- _Listed entries_:
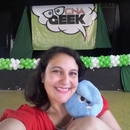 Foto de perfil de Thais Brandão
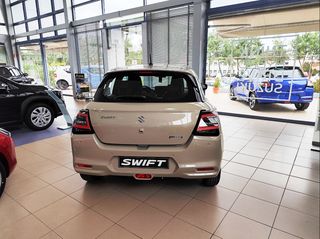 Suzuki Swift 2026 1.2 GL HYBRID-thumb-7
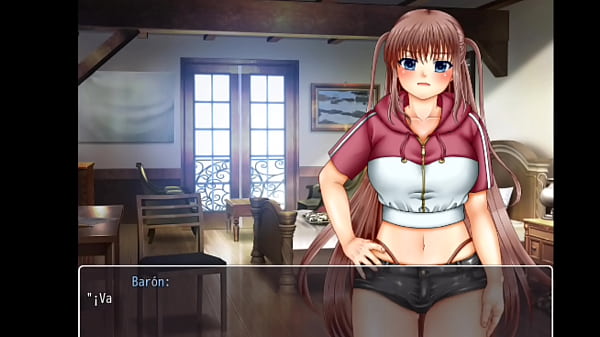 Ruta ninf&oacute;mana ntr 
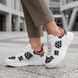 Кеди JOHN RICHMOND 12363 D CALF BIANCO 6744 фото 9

* * *

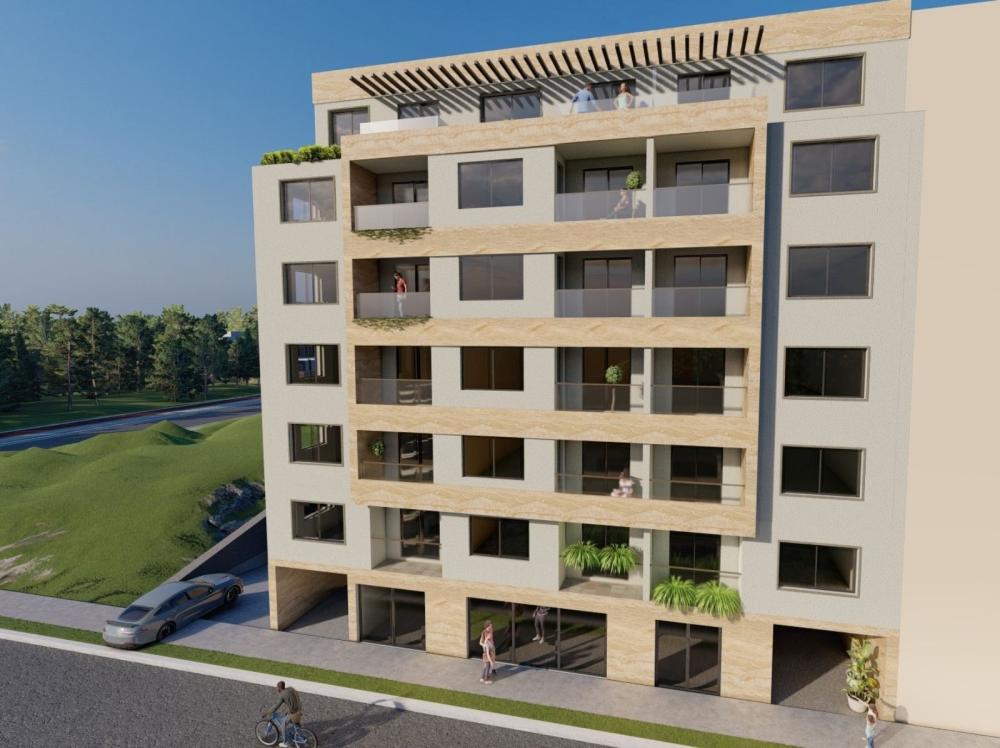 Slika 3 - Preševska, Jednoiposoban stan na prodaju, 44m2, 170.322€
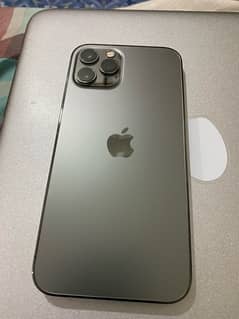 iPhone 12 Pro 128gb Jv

- _Task directions_: Pictures excluded, give again exactly and only the lines of the material above from the line with "Foto de perfil de Thais Brandão" through the line with "Кеди JOHN RICHMOND".

- _Task result_:
 Foto de perfil de Thais Brandão
 Suzuki Swift 2026 1.2 GL HYBRID-thumb-7
 Ruta ninf&oacute;mana ntr 
 Кеди JOHN RICHMOND 12363 D CALF BIANCO 6744 фото 9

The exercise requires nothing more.